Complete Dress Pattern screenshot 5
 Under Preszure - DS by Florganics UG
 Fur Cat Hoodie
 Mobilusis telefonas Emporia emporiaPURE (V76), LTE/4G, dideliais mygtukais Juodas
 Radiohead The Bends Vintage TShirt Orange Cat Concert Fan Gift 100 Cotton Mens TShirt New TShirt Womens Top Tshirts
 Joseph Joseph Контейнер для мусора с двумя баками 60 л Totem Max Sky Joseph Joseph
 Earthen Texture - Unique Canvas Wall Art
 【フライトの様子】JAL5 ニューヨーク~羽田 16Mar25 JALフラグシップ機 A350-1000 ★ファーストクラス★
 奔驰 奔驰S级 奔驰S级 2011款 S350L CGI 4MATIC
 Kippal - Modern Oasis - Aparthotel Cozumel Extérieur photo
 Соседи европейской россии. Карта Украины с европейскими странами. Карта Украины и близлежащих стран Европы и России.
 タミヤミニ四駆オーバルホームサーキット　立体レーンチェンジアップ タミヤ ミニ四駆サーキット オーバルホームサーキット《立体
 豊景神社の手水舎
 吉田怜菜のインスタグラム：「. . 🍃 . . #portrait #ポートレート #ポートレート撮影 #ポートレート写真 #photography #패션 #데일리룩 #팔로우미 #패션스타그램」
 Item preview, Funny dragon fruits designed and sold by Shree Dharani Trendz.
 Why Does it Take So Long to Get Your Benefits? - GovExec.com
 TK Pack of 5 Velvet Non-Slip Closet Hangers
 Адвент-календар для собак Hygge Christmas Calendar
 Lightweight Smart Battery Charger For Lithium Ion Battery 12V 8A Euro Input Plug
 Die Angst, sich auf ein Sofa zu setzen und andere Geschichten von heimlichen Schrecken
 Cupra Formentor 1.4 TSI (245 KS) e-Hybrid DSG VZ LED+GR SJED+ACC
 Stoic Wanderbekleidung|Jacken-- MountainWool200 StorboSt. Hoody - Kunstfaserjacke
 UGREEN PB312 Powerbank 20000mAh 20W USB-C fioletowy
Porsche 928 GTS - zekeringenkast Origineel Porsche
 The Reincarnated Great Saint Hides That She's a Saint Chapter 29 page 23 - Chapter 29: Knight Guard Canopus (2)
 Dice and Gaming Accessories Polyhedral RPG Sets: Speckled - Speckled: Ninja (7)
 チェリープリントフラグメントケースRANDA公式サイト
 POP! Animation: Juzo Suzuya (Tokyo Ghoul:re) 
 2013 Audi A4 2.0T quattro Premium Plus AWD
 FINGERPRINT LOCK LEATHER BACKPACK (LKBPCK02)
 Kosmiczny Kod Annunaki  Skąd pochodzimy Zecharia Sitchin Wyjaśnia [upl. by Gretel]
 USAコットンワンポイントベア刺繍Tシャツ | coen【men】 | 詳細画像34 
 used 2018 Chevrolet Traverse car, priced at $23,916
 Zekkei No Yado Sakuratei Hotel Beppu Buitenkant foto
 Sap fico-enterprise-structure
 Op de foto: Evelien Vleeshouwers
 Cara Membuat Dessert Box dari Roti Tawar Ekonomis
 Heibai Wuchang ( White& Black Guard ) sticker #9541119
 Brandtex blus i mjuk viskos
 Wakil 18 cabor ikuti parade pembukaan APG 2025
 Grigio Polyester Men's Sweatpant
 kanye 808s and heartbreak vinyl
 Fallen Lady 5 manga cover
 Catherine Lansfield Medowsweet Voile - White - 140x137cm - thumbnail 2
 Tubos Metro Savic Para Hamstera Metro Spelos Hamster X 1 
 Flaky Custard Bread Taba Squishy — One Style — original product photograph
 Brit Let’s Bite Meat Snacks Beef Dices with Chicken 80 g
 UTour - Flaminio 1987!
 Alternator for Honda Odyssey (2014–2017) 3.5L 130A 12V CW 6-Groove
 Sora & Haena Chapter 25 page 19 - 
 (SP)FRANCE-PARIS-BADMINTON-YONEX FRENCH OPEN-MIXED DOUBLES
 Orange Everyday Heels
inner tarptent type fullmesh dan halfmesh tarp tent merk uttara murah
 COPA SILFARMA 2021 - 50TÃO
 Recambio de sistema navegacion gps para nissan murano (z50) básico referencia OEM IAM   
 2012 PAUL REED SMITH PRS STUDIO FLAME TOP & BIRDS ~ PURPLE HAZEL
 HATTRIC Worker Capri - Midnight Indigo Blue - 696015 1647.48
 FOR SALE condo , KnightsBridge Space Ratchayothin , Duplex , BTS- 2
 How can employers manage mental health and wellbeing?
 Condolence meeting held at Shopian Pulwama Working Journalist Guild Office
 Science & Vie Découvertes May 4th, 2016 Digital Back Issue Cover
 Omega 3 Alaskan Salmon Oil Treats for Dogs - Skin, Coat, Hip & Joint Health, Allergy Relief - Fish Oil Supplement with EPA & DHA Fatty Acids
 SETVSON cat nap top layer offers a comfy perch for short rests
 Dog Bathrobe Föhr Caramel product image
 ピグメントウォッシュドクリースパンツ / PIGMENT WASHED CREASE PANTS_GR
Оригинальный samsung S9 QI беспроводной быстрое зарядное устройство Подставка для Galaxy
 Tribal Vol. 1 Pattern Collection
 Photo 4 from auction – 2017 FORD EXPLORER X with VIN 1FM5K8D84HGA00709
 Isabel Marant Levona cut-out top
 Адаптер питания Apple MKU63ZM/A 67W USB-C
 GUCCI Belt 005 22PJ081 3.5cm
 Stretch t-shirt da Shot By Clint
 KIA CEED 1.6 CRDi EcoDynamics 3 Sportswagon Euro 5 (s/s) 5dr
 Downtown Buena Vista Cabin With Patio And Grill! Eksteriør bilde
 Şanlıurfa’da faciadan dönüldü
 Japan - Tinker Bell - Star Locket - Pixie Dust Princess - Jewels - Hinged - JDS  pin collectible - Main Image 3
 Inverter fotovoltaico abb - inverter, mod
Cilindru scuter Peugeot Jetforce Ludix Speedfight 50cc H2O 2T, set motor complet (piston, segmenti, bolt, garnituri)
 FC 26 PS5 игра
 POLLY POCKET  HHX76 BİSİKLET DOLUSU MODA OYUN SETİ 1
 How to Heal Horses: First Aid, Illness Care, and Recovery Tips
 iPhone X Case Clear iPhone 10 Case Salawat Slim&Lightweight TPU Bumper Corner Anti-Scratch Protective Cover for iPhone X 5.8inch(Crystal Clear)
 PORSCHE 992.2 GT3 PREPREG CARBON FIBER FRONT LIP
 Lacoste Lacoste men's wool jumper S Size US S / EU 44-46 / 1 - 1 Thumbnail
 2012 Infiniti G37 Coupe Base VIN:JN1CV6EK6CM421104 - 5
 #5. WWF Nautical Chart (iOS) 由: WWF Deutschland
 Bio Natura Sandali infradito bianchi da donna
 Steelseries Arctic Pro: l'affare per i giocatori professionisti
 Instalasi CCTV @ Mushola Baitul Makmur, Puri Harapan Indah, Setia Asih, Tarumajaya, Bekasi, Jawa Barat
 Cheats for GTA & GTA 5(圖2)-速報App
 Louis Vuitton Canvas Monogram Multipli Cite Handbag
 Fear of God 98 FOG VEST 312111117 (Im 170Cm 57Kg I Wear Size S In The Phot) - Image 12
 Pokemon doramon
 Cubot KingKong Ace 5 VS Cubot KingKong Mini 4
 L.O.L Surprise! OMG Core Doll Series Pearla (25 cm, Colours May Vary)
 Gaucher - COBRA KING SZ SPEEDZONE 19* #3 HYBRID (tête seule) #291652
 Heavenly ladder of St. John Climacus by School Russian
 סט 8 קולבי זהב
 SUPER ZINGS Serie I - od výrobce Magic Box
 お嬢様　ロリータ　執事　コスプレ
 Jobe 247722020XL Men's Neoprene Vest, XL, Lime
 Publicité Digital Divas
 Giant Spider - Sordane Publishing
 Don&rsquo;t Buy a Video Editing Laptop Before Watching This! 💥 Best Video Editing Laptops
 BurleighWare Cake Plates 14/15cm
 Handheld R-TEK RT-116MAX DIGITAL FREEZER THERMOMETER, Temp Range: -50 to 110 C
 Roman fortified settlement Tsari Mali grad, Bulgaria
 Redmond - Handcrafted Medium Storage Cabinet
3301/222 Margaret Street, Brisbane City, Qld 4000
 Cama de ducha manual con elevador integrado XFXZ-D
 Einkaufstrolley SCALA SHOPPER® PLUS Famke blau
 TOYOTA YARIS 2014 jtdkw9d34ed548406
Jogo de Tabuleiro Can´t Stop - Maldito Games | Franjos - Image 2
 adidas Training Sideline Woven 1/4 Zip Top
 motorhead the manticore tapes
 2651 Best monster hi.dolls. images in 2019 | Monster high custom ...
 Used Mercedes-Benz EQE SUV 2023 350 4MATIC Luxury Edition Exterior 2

WHAT YOU SHOULD DO:
Each line containing the word "Chapter" must be pulled from the listing and copied.

RESULT:
 The Reincarnated Great Saint Hides That She's a Saint Chapter 29 page 23 - Chapter 29: Knight Guard Canopus (2)
 Sora & Haena Chapter 25 page 19 - 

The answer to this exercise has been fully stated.